In fact, the less Neufeld is involved, the better.
“On the day of, if everything is running smoothly, there’s not a whole lot for me to do,” said Neufeld, who is in his fifth season as head umpire of the regatta. “If nothing is going wrong, then I’m just hanging out monitoring the radio and my phone.”
Neufeld, who began volunteering as an umpire 15 years ago, said many of his duties require advanced planning.
“I monitor everything and put the right people in the right places,” said Neufeld, a 61-year-old retired shop teacher. “It’s organizing. Row Ontario about a month before a regatta puts out a call for umpires and I set it up from there. I don’t know how they did it before e-mail. It must have been endless phone calls.”
Neufeld says umpires have a variety of jobs on the course.

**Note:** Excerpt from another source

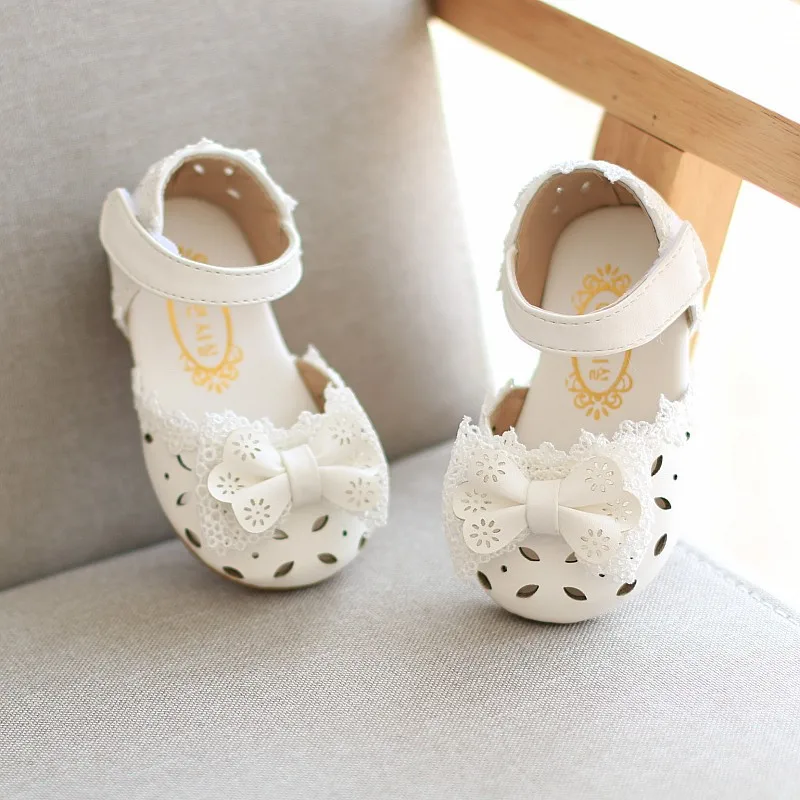 2019 New Girls Princess Lace Bowtie Sandals Shoes Fashion Kids Summer Cut-outs Casual Shoes Baby Soft Sole Shoes Size 21-30
2019 New Girls Princess Lace Bowtie Sandals Shoes Fashion Kids Summer Cut-outs Casual Shoes Baby Soft Sole Shoes Size 21-30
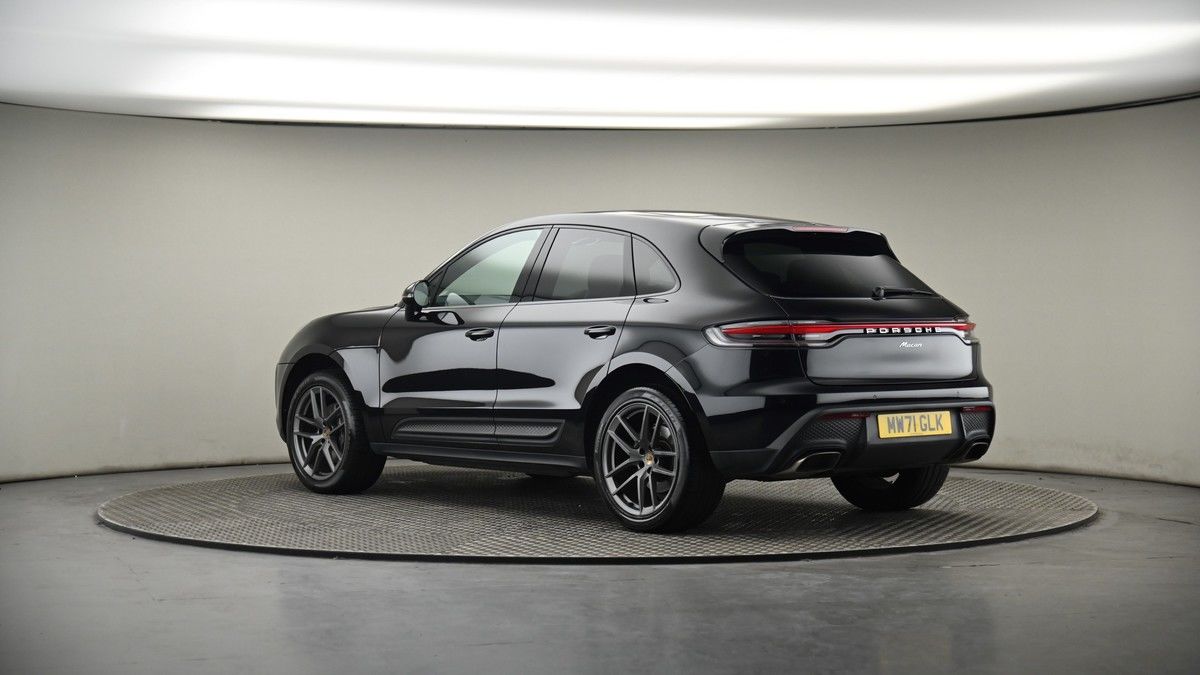 More views of Porsche Macan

“Umpires are responsible that the races are fair and the races are safe,” he said. “Everything kind of stems from that.”
Neufeld explained umpires also make sure the shells have the proper rowers in them and track the crews in each lane for safety reasons. He also stressed a good umpire at the start is crucial for both safety and timing reasons.
“The crews are called five minutes before and warned every minute. At two minutes (before), they are locked into the gate and if they are not locked in they could be assessed a yellow card,” he said.
Umpires also follow the racers down the course to make sure they stay in their respective lanes and don’t interfere with the other crews.
As head umpire, he stations himself in the regatta office on the island, but also heads out on a boat once in a while just to make sure everything is running smoothly.
He has seen some odd things over the years, including a drone at last year’s regatta.
“I’m sometimes surprised when coaches cheat. Surprised and disappointed,” he said. “Last year, we had a parent with a coach and a drone over the race. Now they put it into the rules, it’s not allowed.”
He has also witnessed coaches or parents communicating with rowers using megaphones and signals during the races.
“You’re not allowed to electronically communicate with the rowers during a race. Now, it’s almost impossible to stop because everyone has a phone.”
Neufeld rowed in high school at Grantham and then at Western before taking a break to start his career and a family.
He took up umpiring at the suggestion of some buddies over a beer one night.
“Umpiring was a way to give back. I coached for awhile but that was every day, six or seven days a week,” he said. “When my kids were young, I basically went away and didn’t do anything with rowing.”
Neufeld enjoys the social aspect of his job and doesn’t appear ready to retire at any time soon.
“I guess they were looking for somebody who was a sucker. I was told at the time you are the chief umpire until you find your own replacement,” he said, with a smile.